Over the past 150 years, the Febrey-Lothrup Estate has graced the Upton Hill neighborhood of Arlington. Despite war, twentieth-century alterations, and major development of the neighborhood, the manor home and grounds remain a proud, historically significant, Arlington landmark. Arlington Magazine dubbed the mansion “a rare piece of local history,” and a 2009 architectural traceries report stated, “the property is recommended eligible for the National Register of Historic Places.”

The original John Febrey home was built before the Civil War. During the struggle, Union encampments dotted the property and two future presidents, Rutherford B. Hayes and William McKinley, bivouacked and trained there. The building housed a signal tower and served as a hospital.

After the war, the estate became the residence of several prominent individuals including Alvin Lothrop, co-founder of Woodward & Lothrop Department Store, Howard Hughes, and developer, Randolph Rouse and his wife, actress Audrey Meadows of Honeymooners fame. It was during the Lothrop era, in the late 1890s, that the rear ell and two-story addition of the original home were incorporated into a grand colonial revival structure. Most probably, portions of the original Febrey house remain part of the building today.

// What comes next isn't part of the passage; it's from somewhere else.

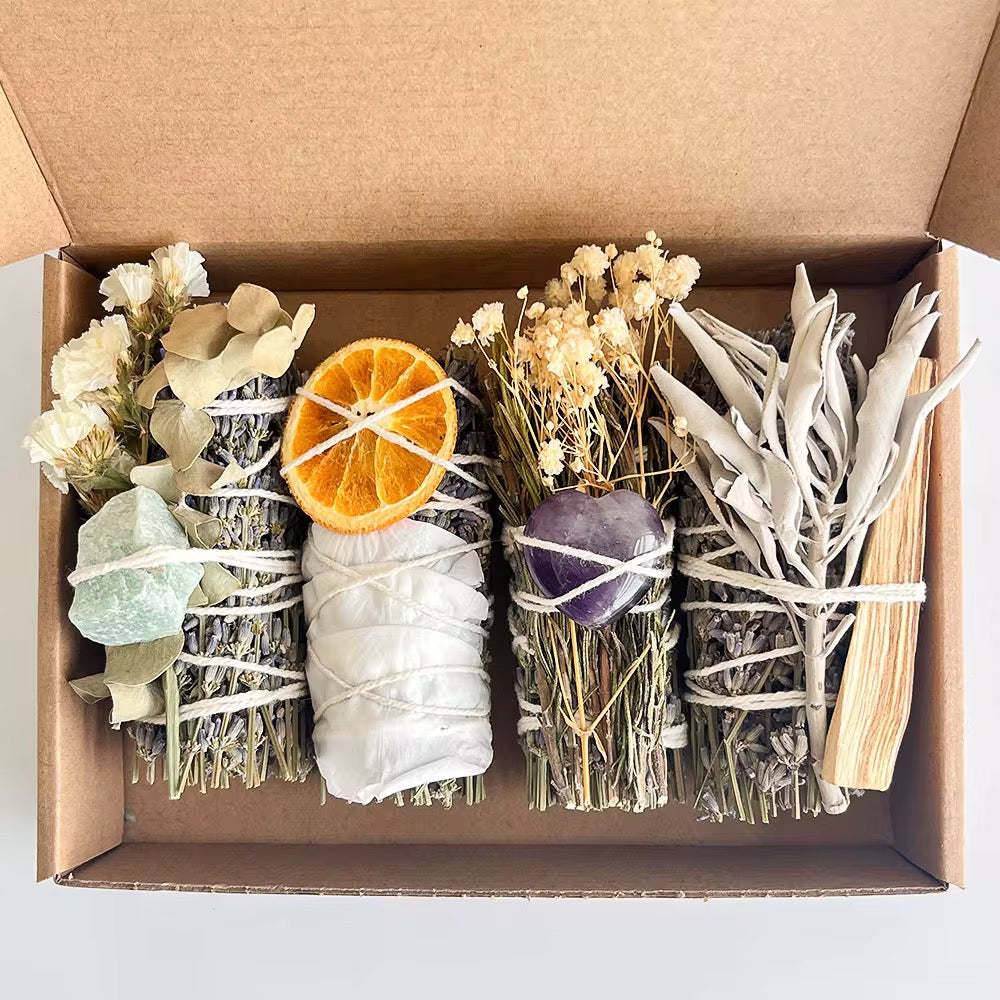 Lavendel Räucher-Set mit Weißem Salbei, Palo Santo & Kristallen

Given the historical significance of the Febrey-Lothrop House, the Arlington Historical Society (AHS) believes the property must be saved for future generations. AHS understands that the HARLB has asked the Historical Preservation Projects and Planning Office to research the property, a process that could take up to six months to complete. With requests for demolition permits already in the pipeline, AHS feels an urgent need to prevent harm coming to the Estate.

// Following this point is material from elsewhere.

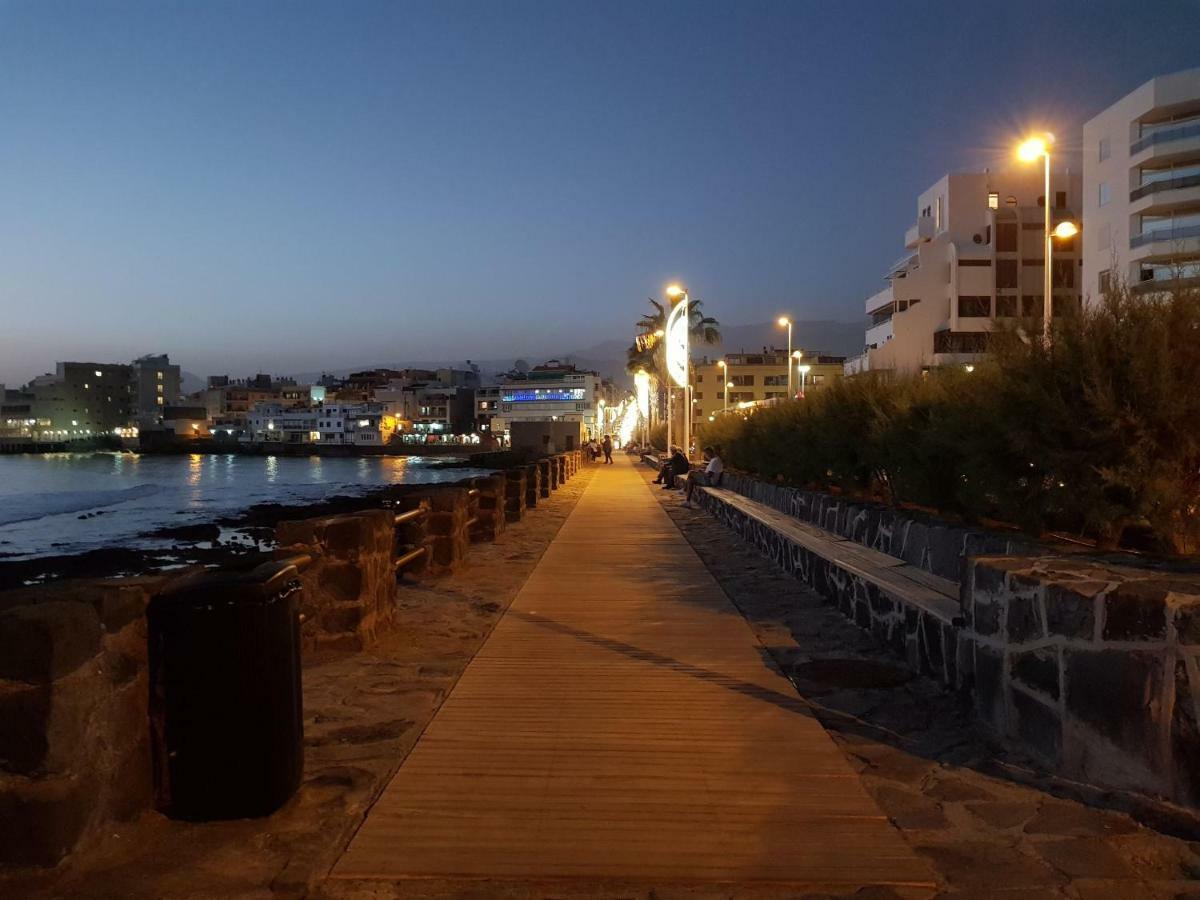 Alquilaencanarias El Medano Blanquitos Nice Terrace Exterior photo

The Officers and Board of Directors of AHS support the preservation of the historic Febrey-Lothrop Estate, located at 6407 Wilson Blvd. We respectfully request that:

  1. The Arlington County Board and Manager issue an immediate “cease and desist” on all applications for demolition permits for this property;
  2. The Historic Affairs and Landmarks Review Board immediately vote on and approve the pending application for Local Historic District (LHD) designation for the property;
  3. The HALRB immediately forward its recommendation for LHD designation to the County Board;
  4. The Arlington County Board immediately vote on and approve the LHD designation.

Over the past 15 years, Arlington has lost many historically and architecturally important buildings to the wrecking ball. Let’s not let another gem go unprotected.